Yet in Lingle, Iwase faces "probably the best-skilled person of getting across her message to the public and the media since statehood," Boylan said.
The 53-year-old governor, whose resume includes serving as Maui mayor and county councilwoman and starting a community newspaper on Molokai, is "riding a great economy with very, very low unemployment," Boylan said. "And she's got an enormous amount of money": $6.1 million through Sept. 9.
Iwase's contributions totaled $236,106.
After her near miss against Cayetano in 1998, Lingle reorganized the state's GOP, recruited candidates for the Legislature and raised nearly $3 million to topple the longest-standing statewide Democratic political organization in U.S. history.
It was a Republican revolution that Lingle is not about to let go of.
Iwase "faces an enormous challenge," Boylan said. "I've heard people say he won't get 35 percent of the vote. I think he will."

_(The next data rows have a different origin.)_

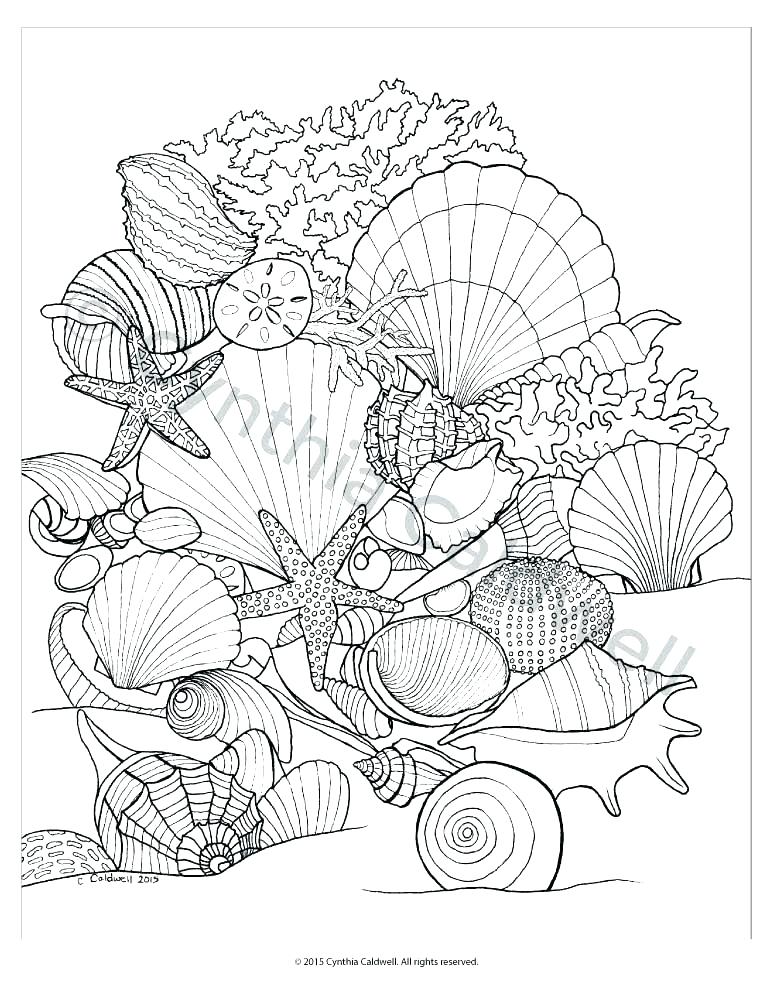 sweet seashell coloring pages printable jpg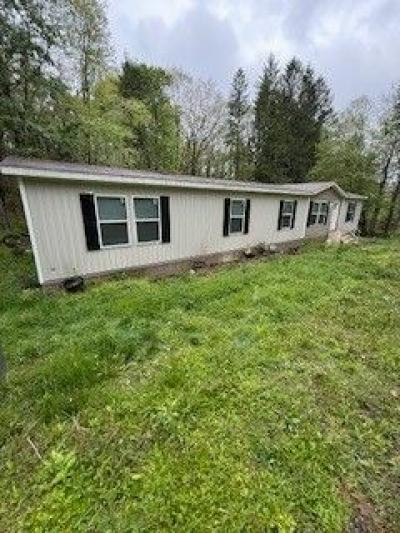 Photo 2 of 17 of home located at 10 Mustang Ln Valley Head, WV 26294
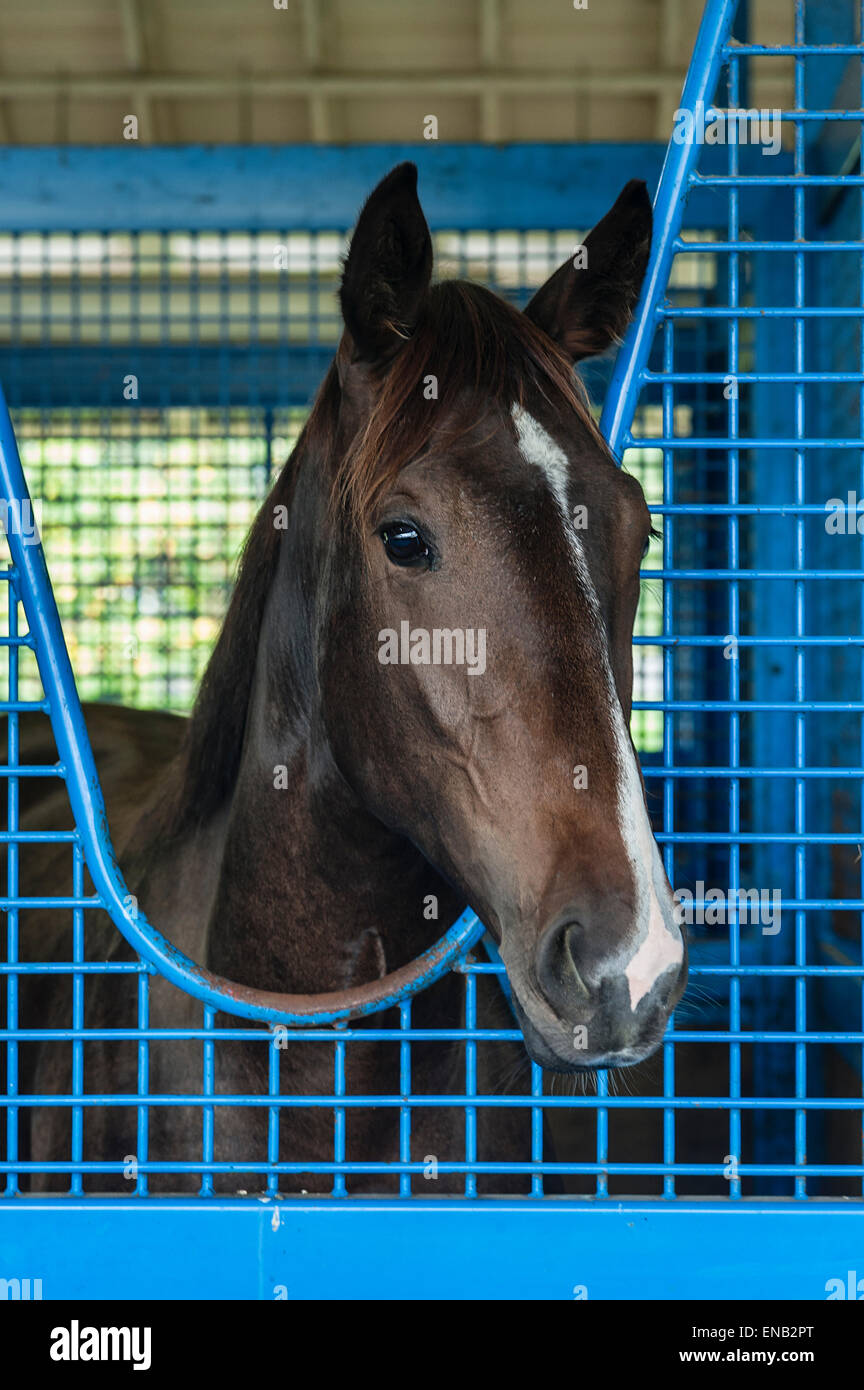 Race horse in stable. Stock Photo
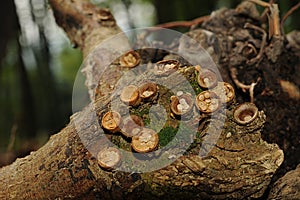 Crucibulum laeve fungus photo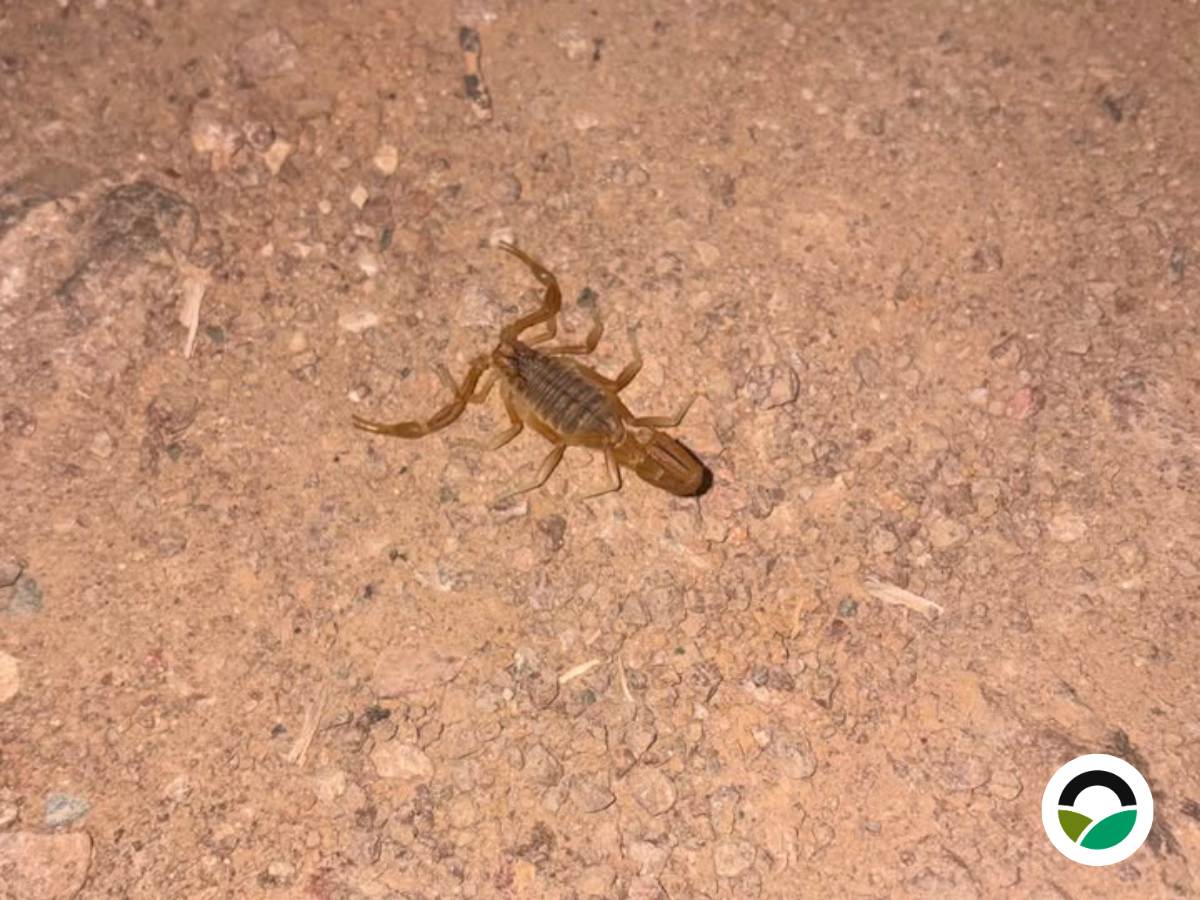 Yellow scorpions of Cyprus: silent hunters of the Mediterranean night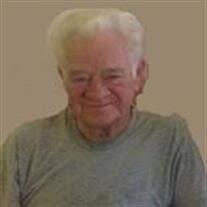 Allan P. Friedman Obituary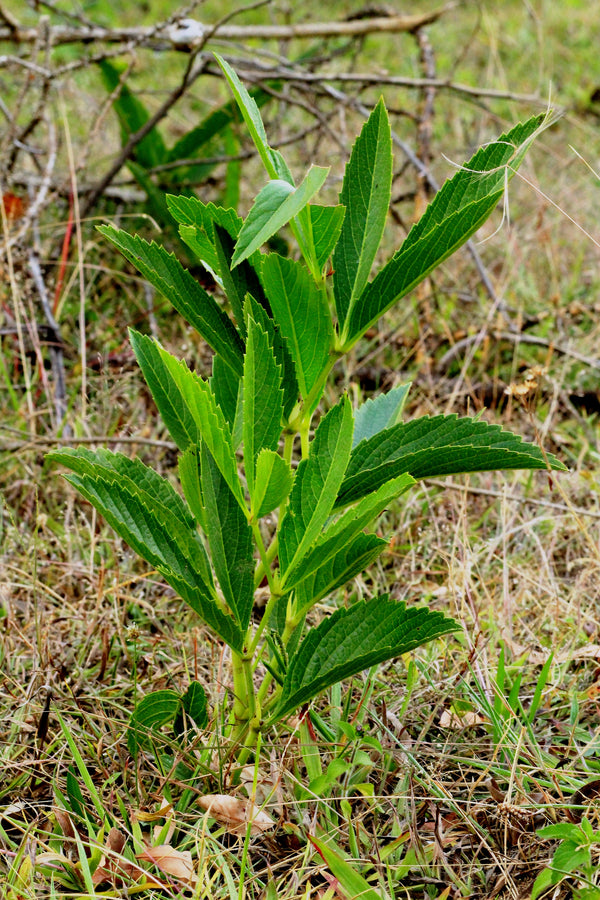 Cyphostemma junceum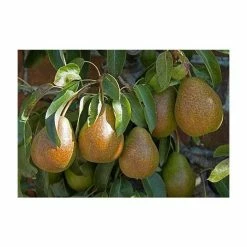 4-5ft 'Louise Bonne De Jersey' Pear Tree | Quince A Semi Dwarfing Rootstock | Bare Root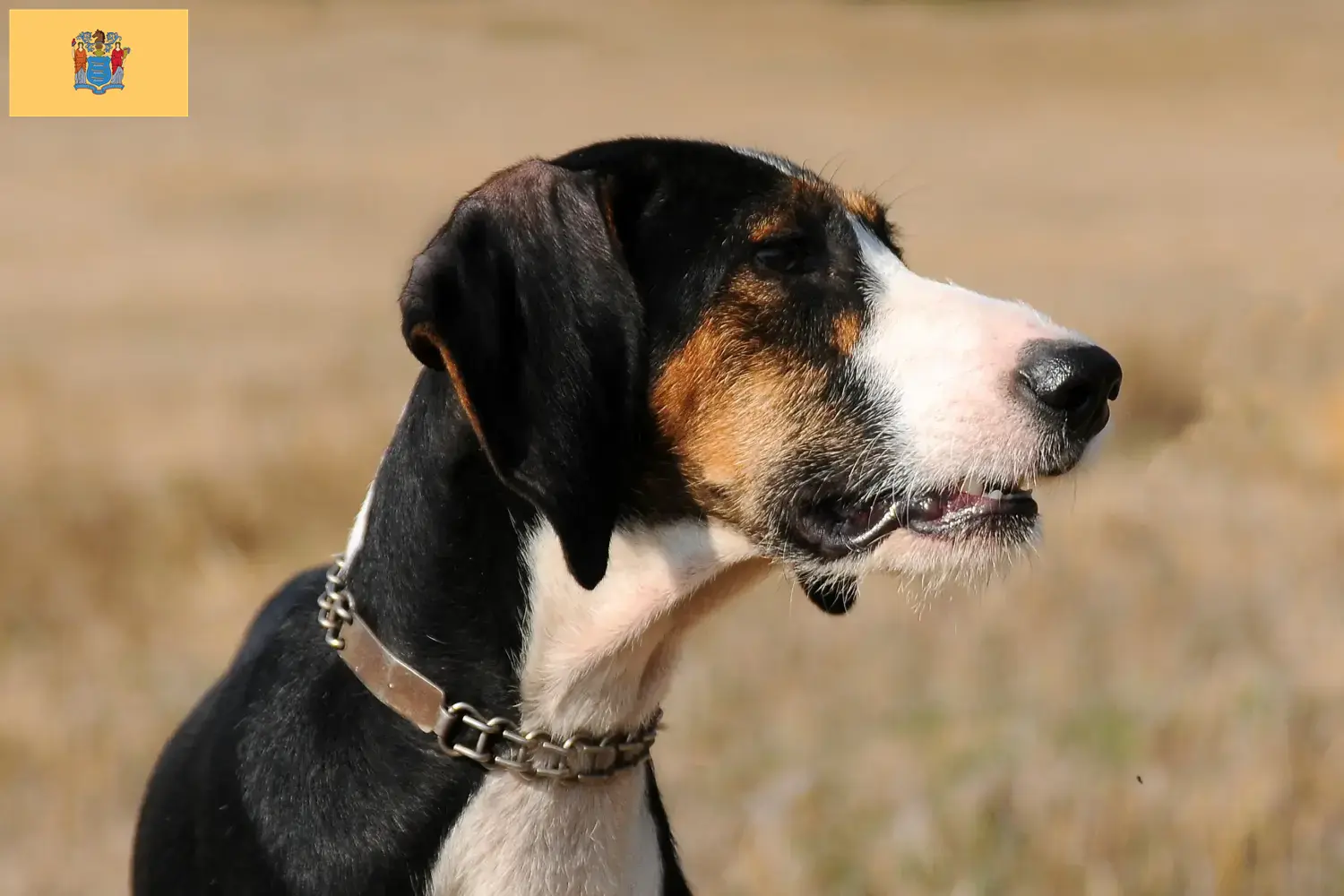 Segugio Maremmano puppies and breeders New Jersey Find Segugio Maremmanos breeders in New Jersey.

But to win, Boylan says, "he'd have to take advantage of the terrible problems Republicans are facing nationally," particularly the public dissatisfaction with Bush and the Iraq war.
Political analyst and pollster Don Clegg questions whether Democrats "can pull the same full-court press against Lingle as they were able to do against Case" for Akaka.
"Are they ready and can they do it?" Clegg asked. "I don't think they can."
Iwase insisted he is running to win.
"I'm interested in education and growing our economy," Iwase said. "And it's a question of leadership of this state -- whether we've been led by a governor or by a public relations machine."
To counter Lingle's better financing, Iwase plans to appeal via the "grass roots" and take advantage of matching public campaign financing he can get if he raises $100,000 in contributions of $100 or less.
Lingle said her plan is "to remind people of our record of results over the past four years, and talk about the future and the plans we have: to keep the economy strong, to bring accountability to education, continue to have a positive impact on drugs and alcohol, make sure that usage continues going down. That it's not just right now, but that it continues in the years ahead."
"Lingle is not playing it like a runaway race," Clegg said. "It's the politician that takes it for granted that loses."
Lingle's running mate is Lt. Gov. James "Duke" Aiona, 51, while Iwase's running partner is former state Sen. Malama Solomon, 55, of the Big Island.
Other candidates for governor are Libertarian Daniel Ozell and the Green Party's Jim Brewer.